Image-caption web data:
----------

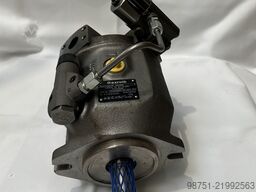 Lavatec LP571 Presse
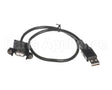 0CK037 Electrolux Professional Usb Cable; L=450Mm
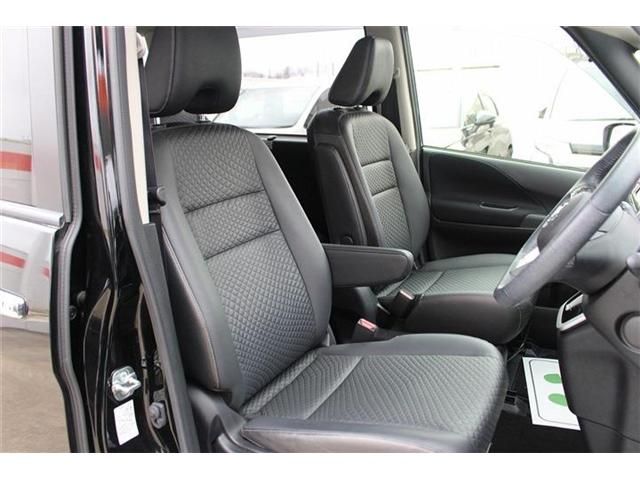 NISSAN SERENA  S-HYBRID 2018 Image 31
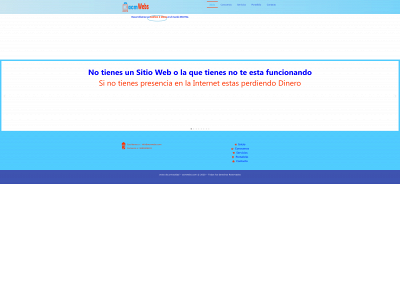 acmwebs.com snapshot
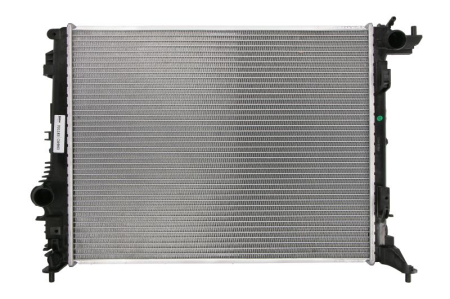 Radiator apa - Radiator racire motor potrivit RENAULT GRAND SCENIC IV, MEGANE IV, SCENIC IV, TALISMAN 1.2-1.5DH dupa 2015
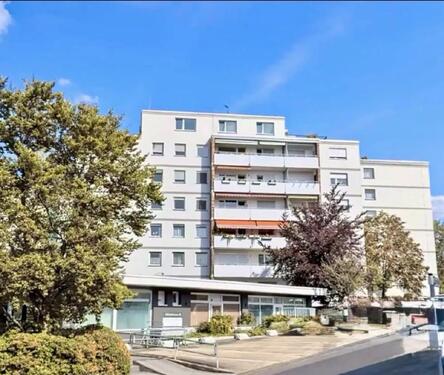 Foto - 2,5 Zimmerwohnung in Götzenhain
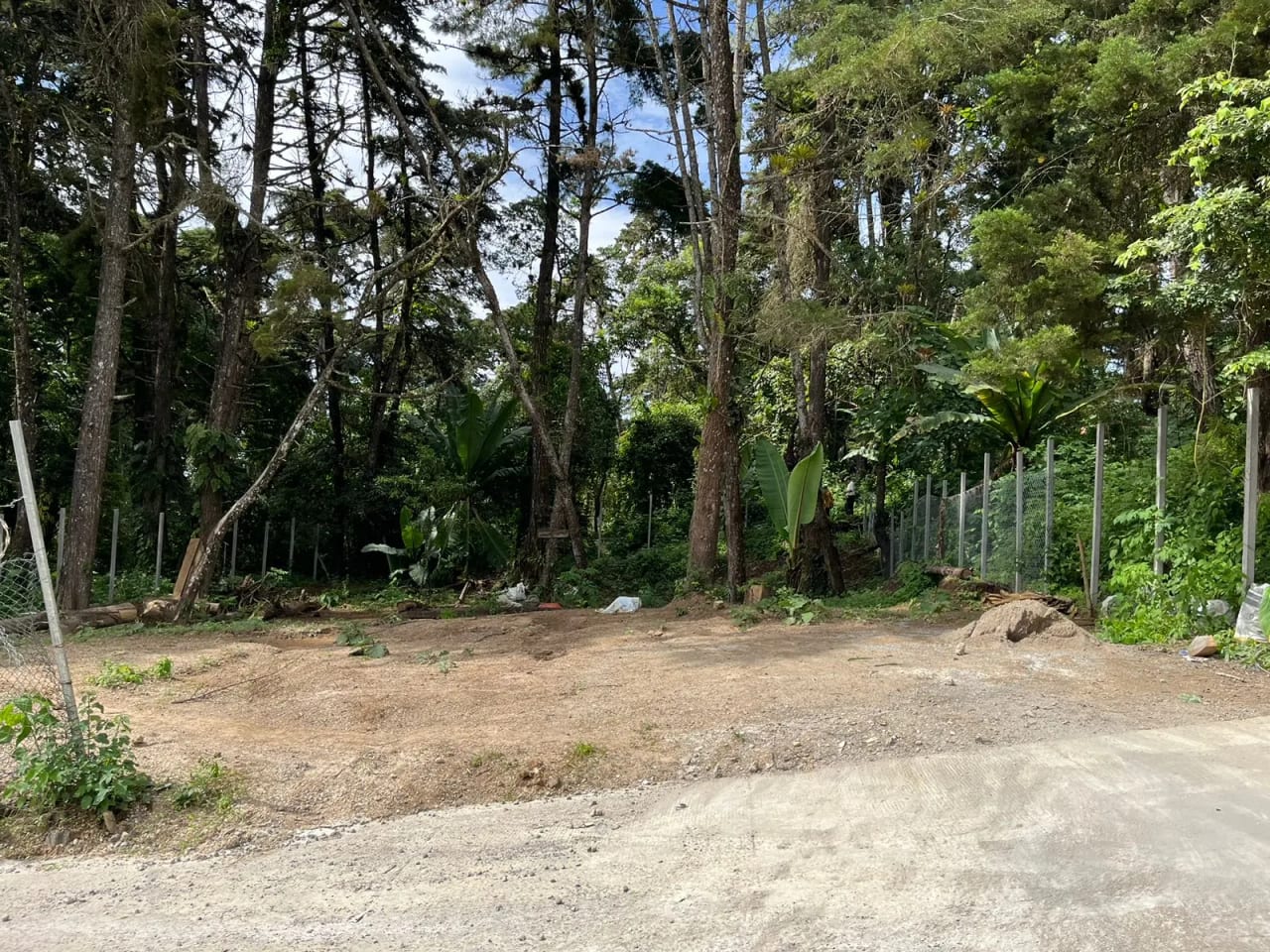 Terreno en Santa Rosalía, Km 12 Carretera a El Salvador — Terreno en Venta en Carretera a El Salvador, Guatemala, Ciudad — foto 3 de 5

----------

**Task prompt:**
Retype all entries above verbatim; no pictures belong in the copy.

**Solution for this problem:**
 Lavatec LP571 Presse
 0CK037 Electrolux Professional Usb Cable; L=450Mm
 NISSAN SERENA  S-HYBRID 2018 Image 31
 acmwebs.com snapshot
 Radiator apa - Radiator racire motor potrivit RENAULT GRAND SCENIC IV, MEGANE IV, SCENIC IV, TALISMAN 1.2-1.5DH dupa 2015
 Foto - 2,5 Zimmerwohnung in Götzenhain
 Terreno en Santa Rosalía, Km 12 Carretera a El Salvador — Terreno en Venta en Carretera a El Salvador, Guatemala, Ciudad — foto 3 de 5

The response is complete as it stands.